Sotong merupakan hewan laut yang cukup dikenal dan digemari masyarakat karena memiliki daging yang lezat. Namun, tahukah Anda jika bagian tubuh sotong yakni cangkangnya ternyata memiliki potensi untuk dipakai sebagai materi pengisi tulang atau carbonated hydroxyapatite (CHA).
Tim mahasiswa UGM yang tergabung dalam Tim Program Kreativitas Mahasiswa (PKM) UGM Riset Eksakta (RE) melakukan penelitian ekstraksi carbonated hydroxyapatite cangkang sotong (Sepia sp) sebagai material alternatif mencegah kembalinya posisi gigi menjadi tidak rapi setelah pelepasan behel gigi (relaps orthodontic). Mereka yakni Bondan Setyoko, Aufa Lufhf Ambar Verisandri, Adelia Tantri dan Firda Ayu yang berasal dari Fakultas Kedokteran Gigi serta Berliant Salsabila Julieta dari FMIPA.
Bondan Setyoko selaku ketua tim PKM-RE mengatakan penelitian bermula dari keprihatinan akan banyaknya masalah kesehatan gigi, terutama gigi yang tidak rapi.

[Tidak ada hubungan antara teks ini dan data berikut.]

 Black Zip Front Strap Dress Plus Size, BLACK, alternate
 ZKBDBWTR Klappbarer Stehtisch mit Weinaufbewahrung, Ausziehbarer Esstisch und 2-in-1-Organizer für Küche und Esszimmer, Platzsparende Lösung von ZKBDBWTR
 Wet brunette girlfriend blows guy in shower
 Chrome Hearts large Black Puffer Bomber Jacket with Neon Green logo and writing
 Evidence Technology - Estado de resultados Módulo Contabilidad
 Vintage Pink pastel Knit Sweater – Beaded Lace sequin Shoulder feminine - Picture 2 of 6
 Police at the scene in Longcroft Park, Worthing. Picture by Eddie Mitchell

Sekitar 80% penduduk dari total penduduk di Indonesia memerlukan perawatan behel gigi. Belum lagi ditambah kasus kembalinya posisi gigi tidak rapi pasca pelepasan behel gigi yang terjadi 70–90% pada periode pasca perawatan.

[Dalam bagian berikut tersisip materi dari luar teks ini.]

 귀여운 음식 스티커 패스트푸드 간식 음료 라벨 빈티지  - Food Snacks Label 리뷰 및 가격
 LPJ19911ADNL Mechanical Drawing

“Sebenarnya kasus tersebut dapat dicegah dengan injeksi carbonated hydroxyapatite yang memiliki sifat mirip dengan jaringan tulang manusia, namun harga pasarannya mencapai 1,5 juta per 5 miligram. Dari hal ini kami tergerak meneliti kandungan dan menguji potensi ekstrak cangkang sotong sebagai material CHA,” paparnya, Rabu (8/9)
Ia menjelaskan material CHA memiliki komposisi yang sangat mirip jaringan tulang manusia yang dapat menghambat aktivitas osteoklas pada pressure side fase retensi yang berperan dalam ketidaksempurnaan remodeling tulang pada relaps setelah perawatan behel gigi. Sementara dalam cangkang sotong diketahui memiliki unsur anorganik mencapai 75-90% yang sebagian besarnya merupakan kalsium karbonat (CaCO3) yang dapat dikembangkan sebagai carbonated hydroxyapatite.
“Sotong di Indonesia sangat melimpah dan ini menghasilkan cangkang sotong yang banyak pula sebagai limbah samping hasil pengolahan sotong. Karenanya kami berinisiatif melakukan inovasi meneliti limbah cangkang sotong ini sebagai CHA,” terangnya.
Pembuatan cangkang sotong untuk CHA dilakukan melalui sejumlah proses. Tahap awal dilakukan pengecilan ukuran cangkang sotong menggunakan mortar. Tahap kedua dilakukan proses kalsinasi cangkang sotong menggunakan alat tanur dengan suhu 1000 ºC selama 5 jam. Setelah itu dilakukan pengayakan hasil kalsinasi dengan alat ayak 2 mess. Hasil yang didapat berupa serbuk kalsium oksida (CaO) lalu dilakukan titrasi sampai menjadi CHA.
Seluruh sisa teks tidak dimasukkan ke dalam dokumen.